DATA UNDER STUDY section start

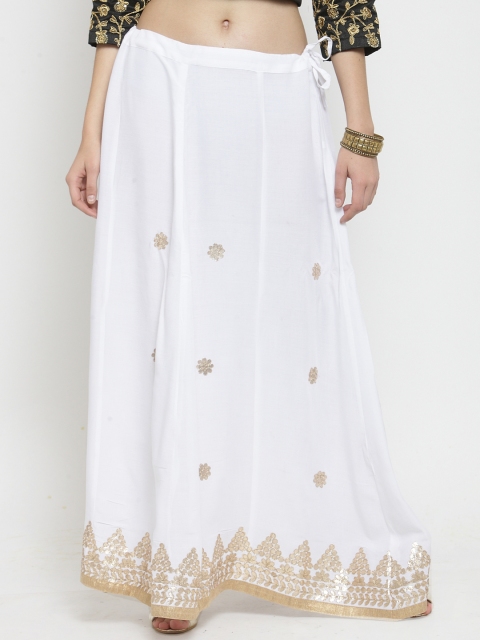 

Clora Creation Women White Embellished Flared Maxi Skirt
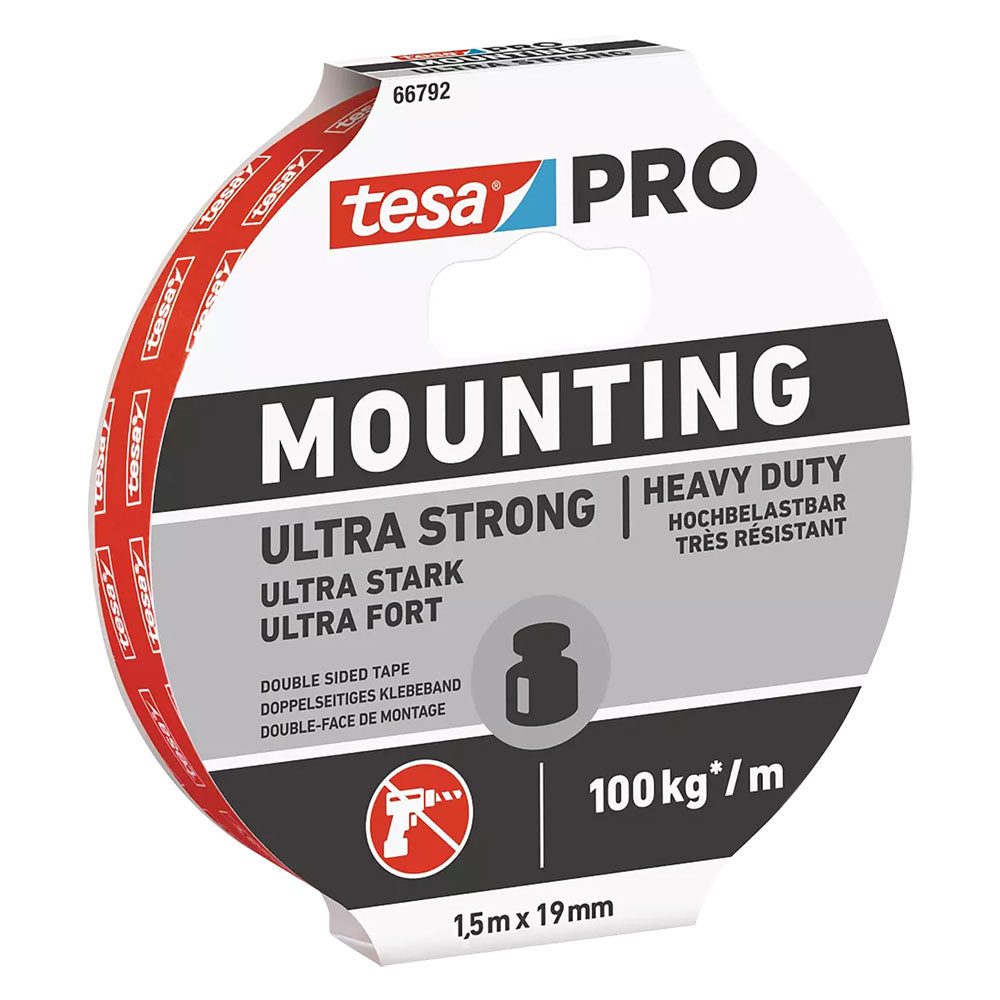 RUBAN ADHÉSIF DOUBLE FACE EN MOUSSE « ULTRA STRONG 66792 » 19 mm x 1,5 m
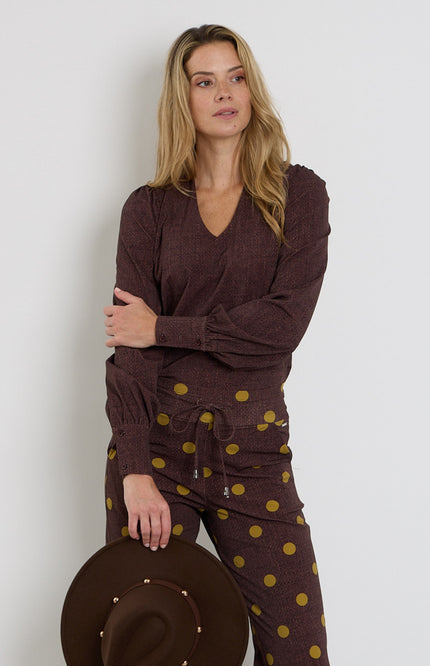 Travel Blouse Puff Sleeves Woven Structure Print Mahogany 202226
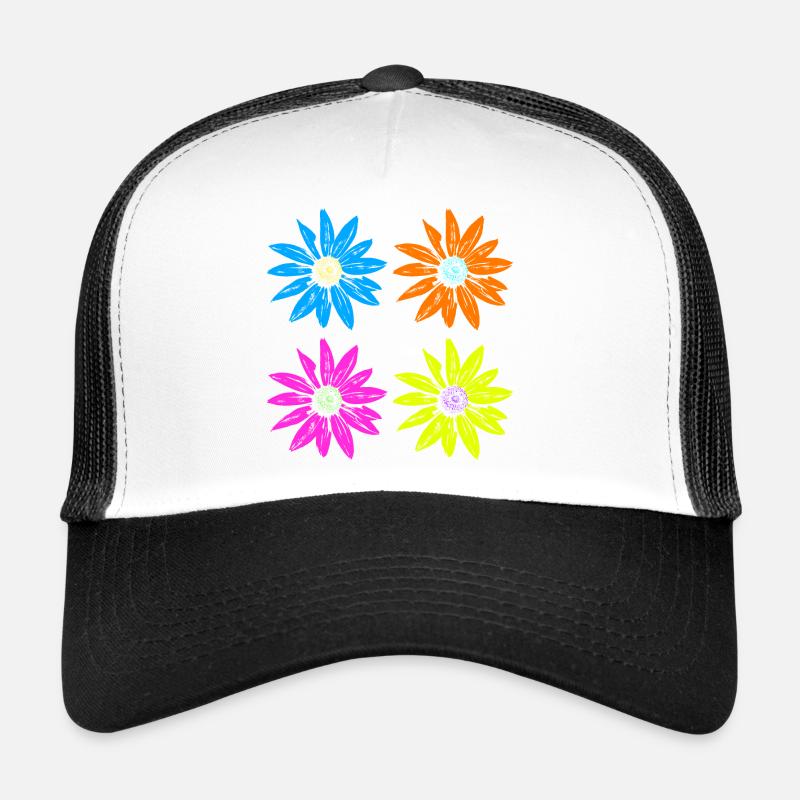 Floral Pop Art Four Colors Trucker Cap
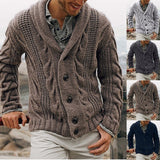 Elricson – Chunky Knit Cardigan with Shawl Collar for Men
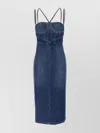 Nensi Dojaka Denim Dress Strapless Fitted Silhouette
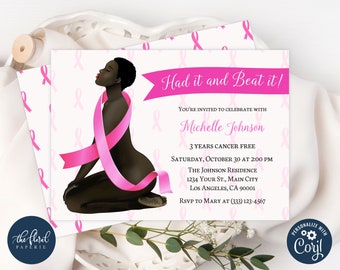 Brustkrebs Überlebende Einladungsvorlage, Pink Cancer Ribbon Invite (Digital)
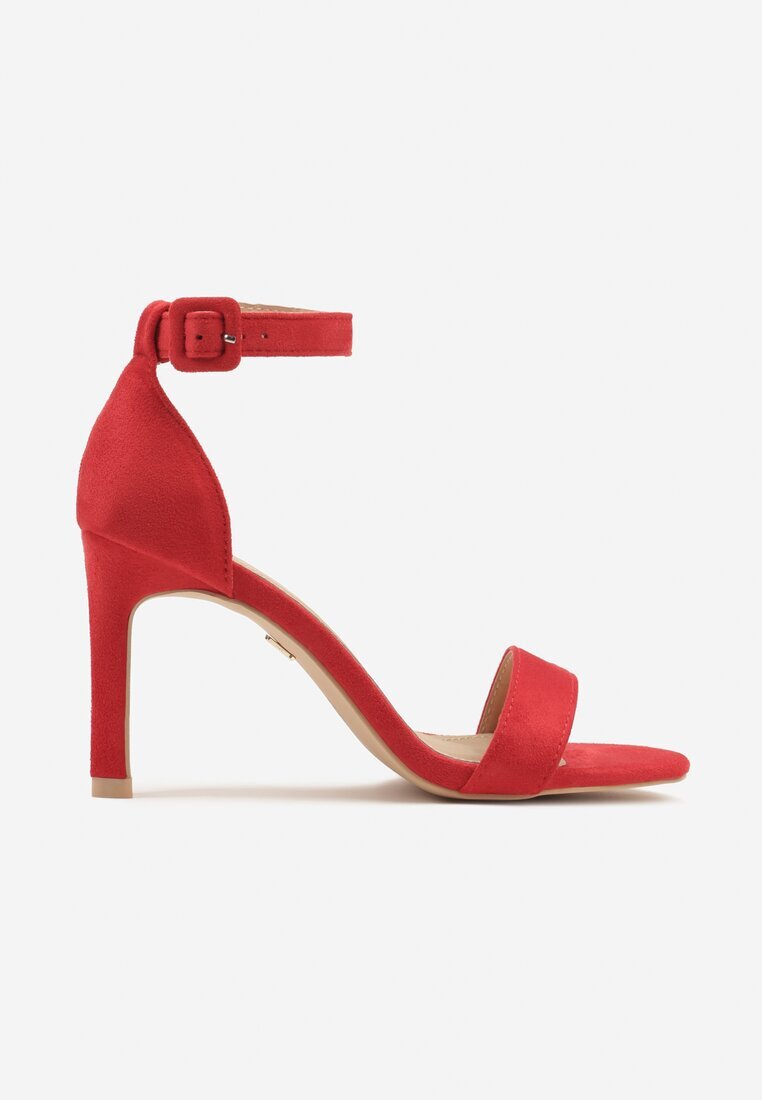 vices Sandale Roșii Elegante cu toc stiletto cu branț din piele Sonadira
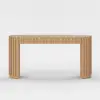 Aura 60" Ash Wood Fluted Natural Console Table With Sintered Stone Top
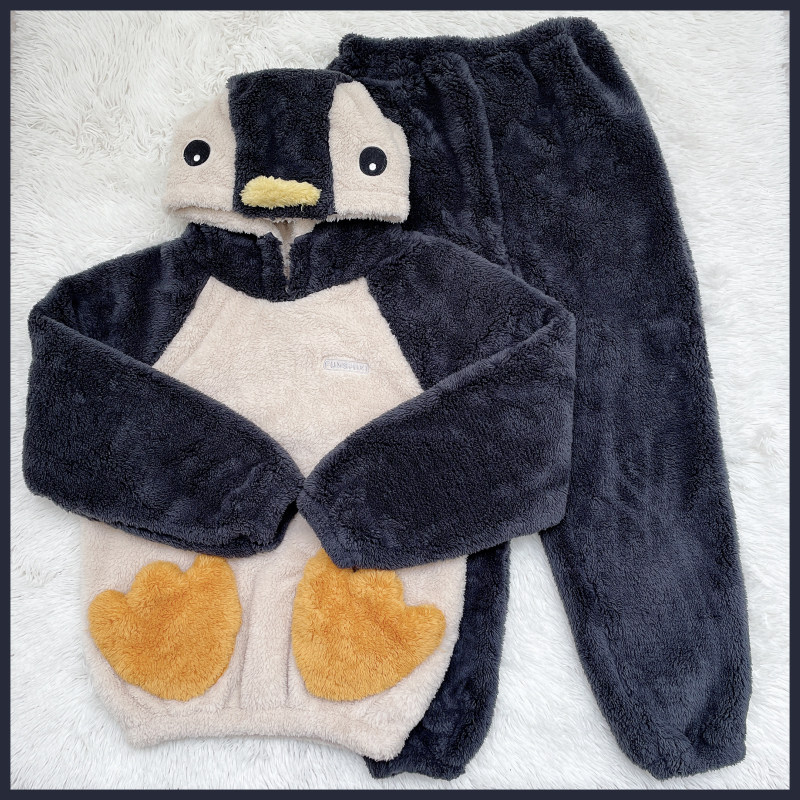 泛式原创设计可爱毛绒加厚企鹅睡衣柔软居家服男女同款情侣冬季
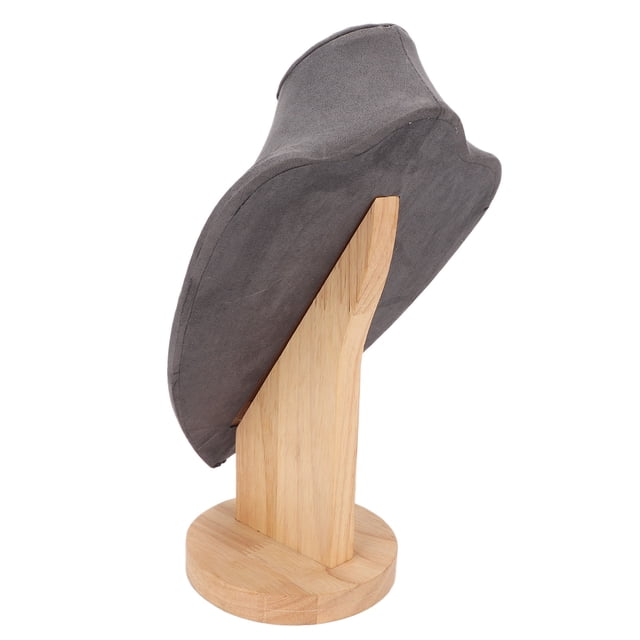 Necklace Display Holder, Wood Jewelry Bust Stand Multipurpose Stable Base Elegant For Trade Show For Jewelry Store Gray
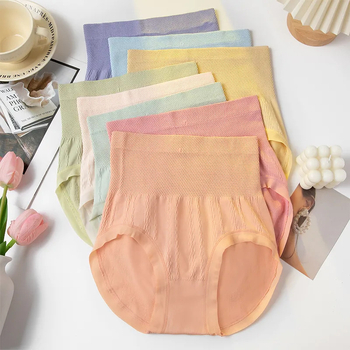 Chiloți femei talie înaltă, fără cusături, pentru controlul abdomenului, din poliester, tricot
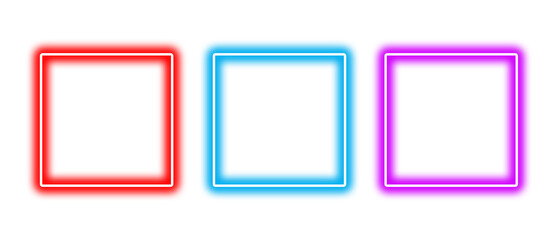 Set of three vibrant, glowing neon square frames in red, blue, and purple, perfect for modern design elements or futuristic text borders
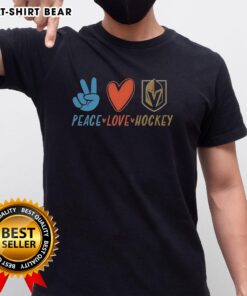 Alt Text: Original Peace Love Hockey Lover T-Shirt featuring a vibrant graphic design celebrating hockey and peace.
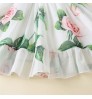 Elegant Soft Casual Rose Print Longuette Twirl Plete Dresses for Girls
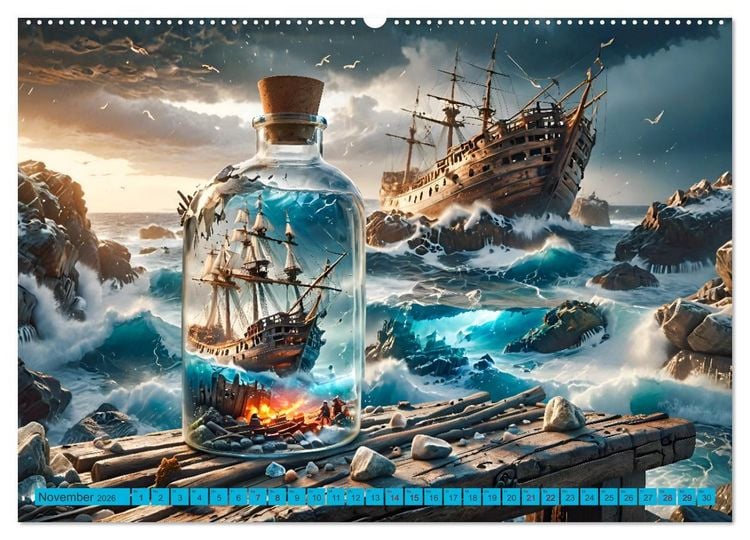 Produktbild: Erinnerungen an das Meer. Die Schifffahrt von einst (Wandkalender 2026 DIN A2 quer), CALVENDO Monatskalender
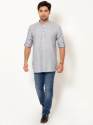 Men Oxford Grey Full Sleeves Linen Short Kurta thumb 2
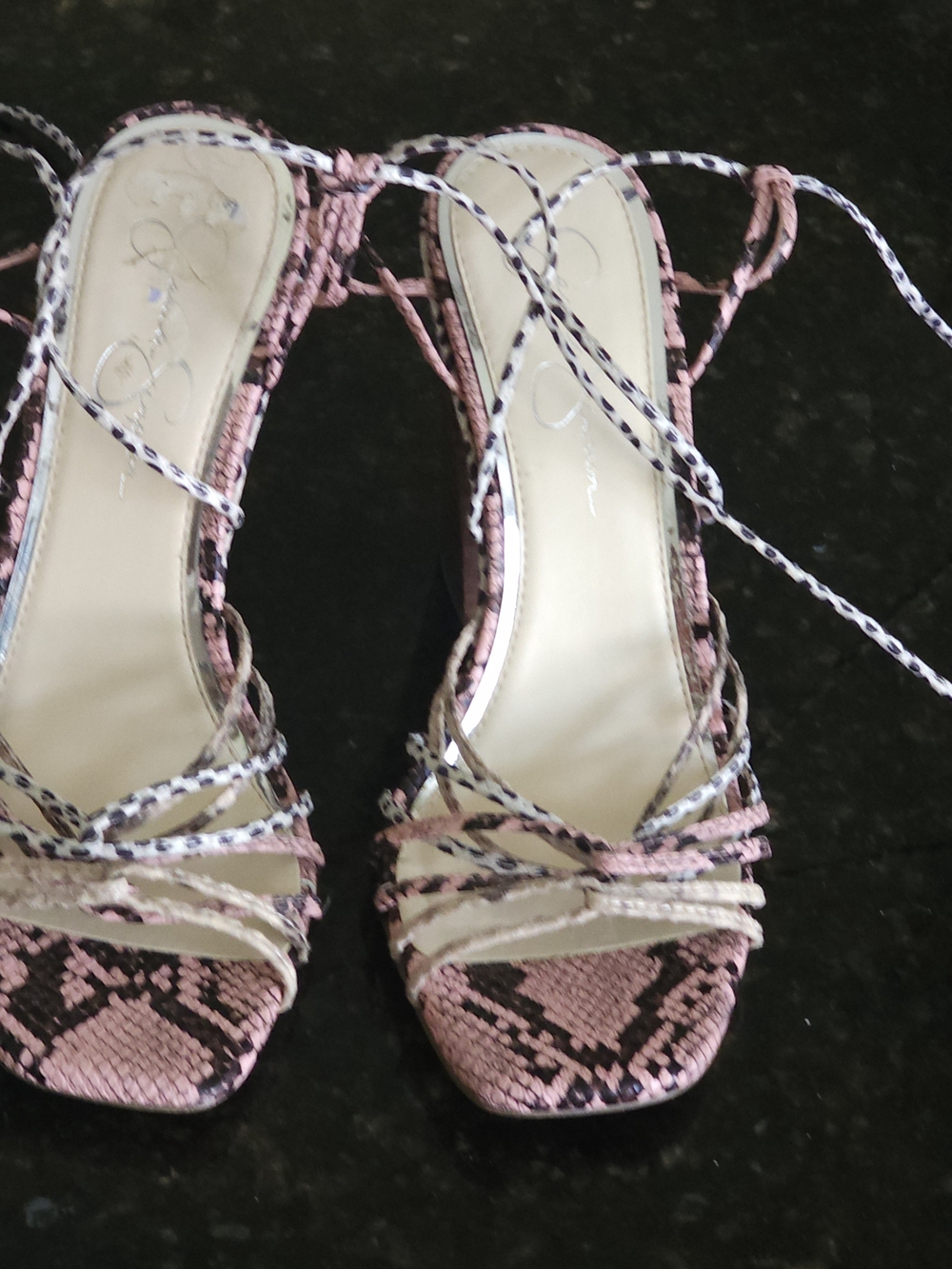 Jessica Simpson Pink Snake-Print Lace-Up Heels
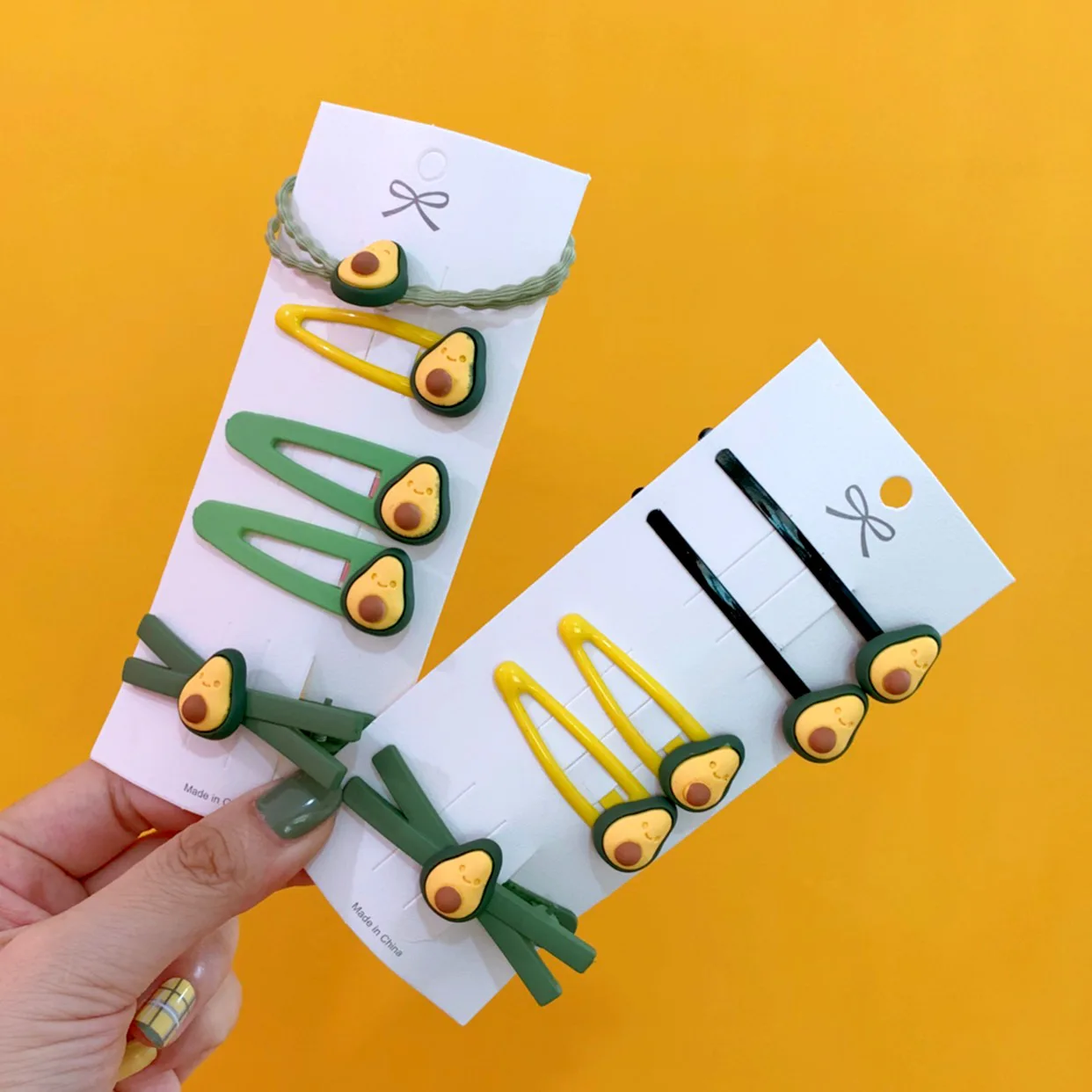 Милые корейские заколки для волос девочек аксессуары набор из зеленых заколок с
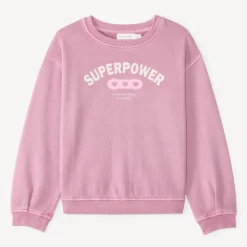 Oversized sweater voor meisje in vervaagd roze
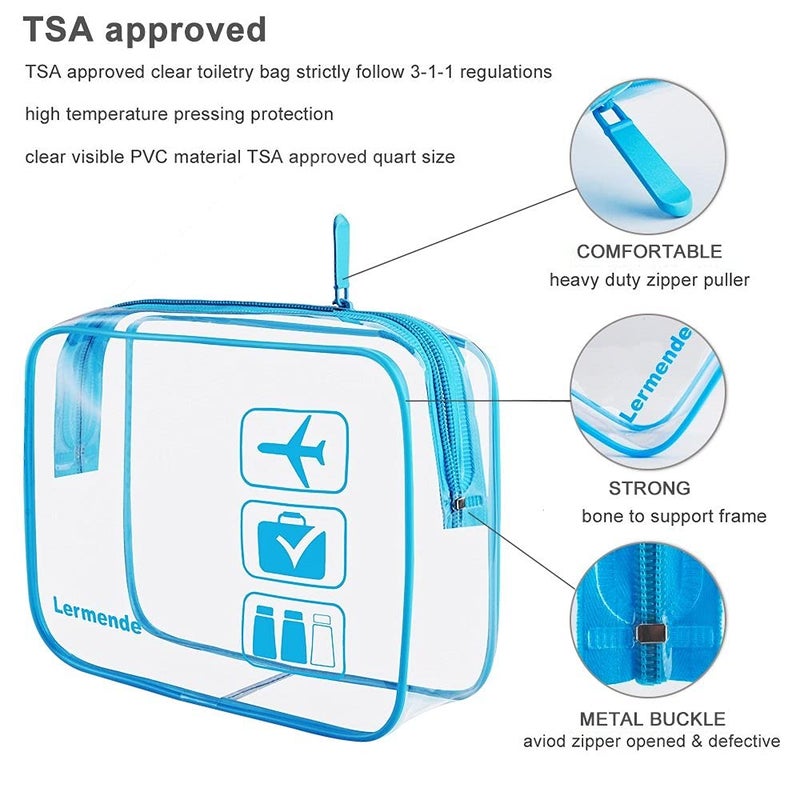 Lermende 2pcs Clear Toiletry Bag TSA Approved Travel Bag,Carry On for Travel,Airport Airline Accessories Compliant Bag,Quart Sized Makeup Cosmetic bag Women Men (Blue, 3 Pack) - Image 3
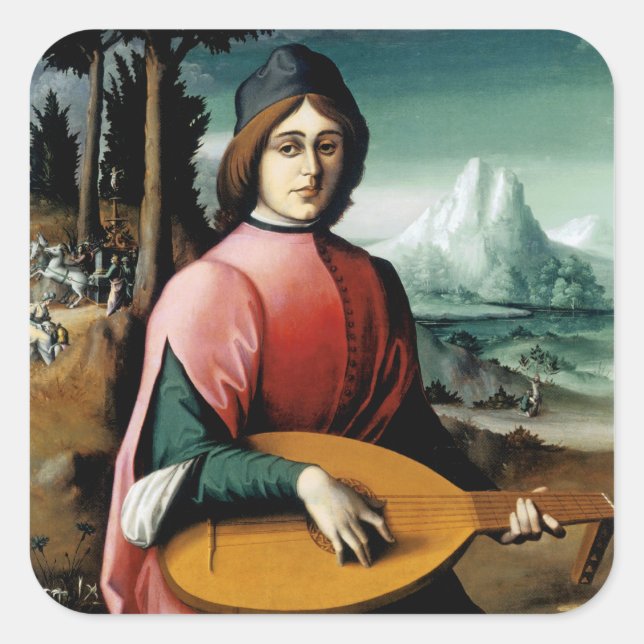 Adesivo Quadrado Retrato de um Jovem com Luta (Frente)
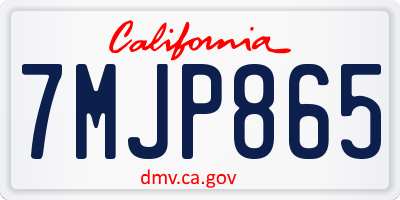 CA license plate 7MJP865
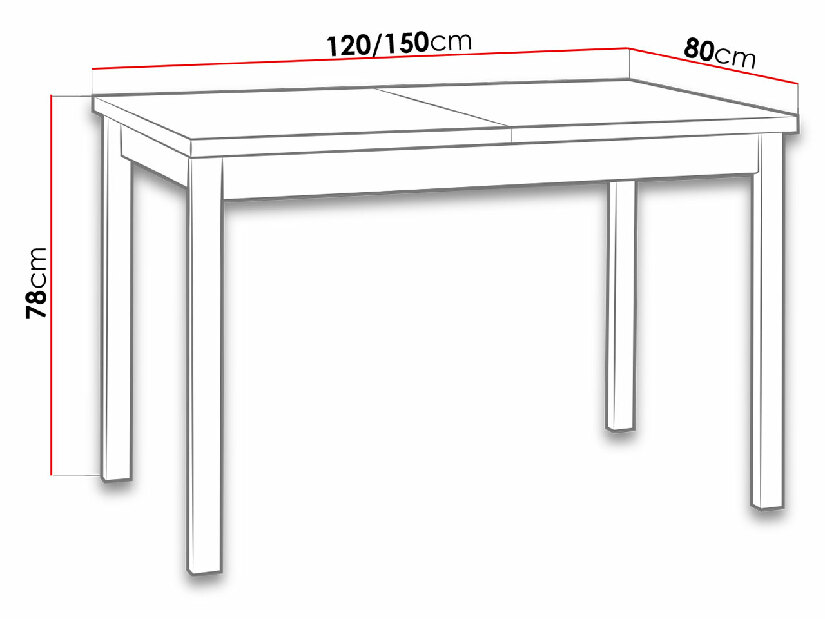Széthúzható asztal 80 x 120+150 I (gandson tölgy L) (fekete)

DATA UNDER STUDY section end

• TASK GOAL: Repeat the preceding records exactly but drop the images.

• WORKED SOLUTION:
Clora Creation Women White Embellished Flared Maxi Skirt
 RUBAN ADHÉSIF DOUBLE FACE EN MOUSSE « ULTRA STRONG 66792 » 19 mm x 1,5 m
 Travel Blouse Puff Sleeves Woven Structure Print Mahogany 202226
 Floral Pop Art Four Colors Trucker Cap
 Elricson – Chunky Knit Cardigan with Shawl Collar for Men
 Nensi Dojaka Denim Dress Strapless Fitted Silhouette
 Brustkrebs Überlebende Einladungsvorlage, Pink Cancer Ribbon Invite (Digital)
 vices Sandale Roșii Elegante cu toc stiletto cu branț din piele Sonadira
 Aura 60" Ash Wood Fluted Natural Console Table With Sintered Stone Top
 泛式原创设计可爱毛绒加厚企鹅睡衣柔软居家服男女同款情侣冬季
 Necklace Display Holder, Wood Jewelry Bust Stand Multipurpose Stable Base Elegant For Trade Show For Jewelry Store Gray
 Chiloți femei talie înaltă, fără cusături, pentru controlul abdomenului, din poliester, tricot
 Set of three vibrant, glowing neon square frames in red, blue, and purple, perfect for modern design elements or futuristic text borders
 Alt Text: Original Peace Love Hockey Lover T-Shirt featuring a vibrant graphic design celebrating hockey and peace.
 Elegant Soft Casual Rose Print Longuette Twirl Plete Dresses for Girls
 Produktbild: Erinnerungen an das Meer. Die Schifffahrt von einst (Wandkalender 2026 DIN A2 quer), CALVENDO Monatskalender
 Men Oxford Grey Full Sleeves Linen Short Kurta thumb 2
 Jessica Simpson Pink Snake-Print Lace-Up Heels
 Милые корейские заколки для волос девочек аксессуары набор из зеленых заколок с
 Oversized sweater voor meisje in vervaagd roze
 Lermende 2pcs Clear Toiletry Bag TSA Approved Travel Bag,Carry On for Travel,Airport Airline Accessories Compliant Bag,Quart Sized Makeup Cosmetic bag Women Men (Blue, 3 Pack) - Image 3
 Adesivo Quadrado Retrato de um Jovem com Luta (Frente)
 CA license plate 7MJP865
Széthúzható asztal 80 x 120+150 I (gandson tölgy L) (fekete)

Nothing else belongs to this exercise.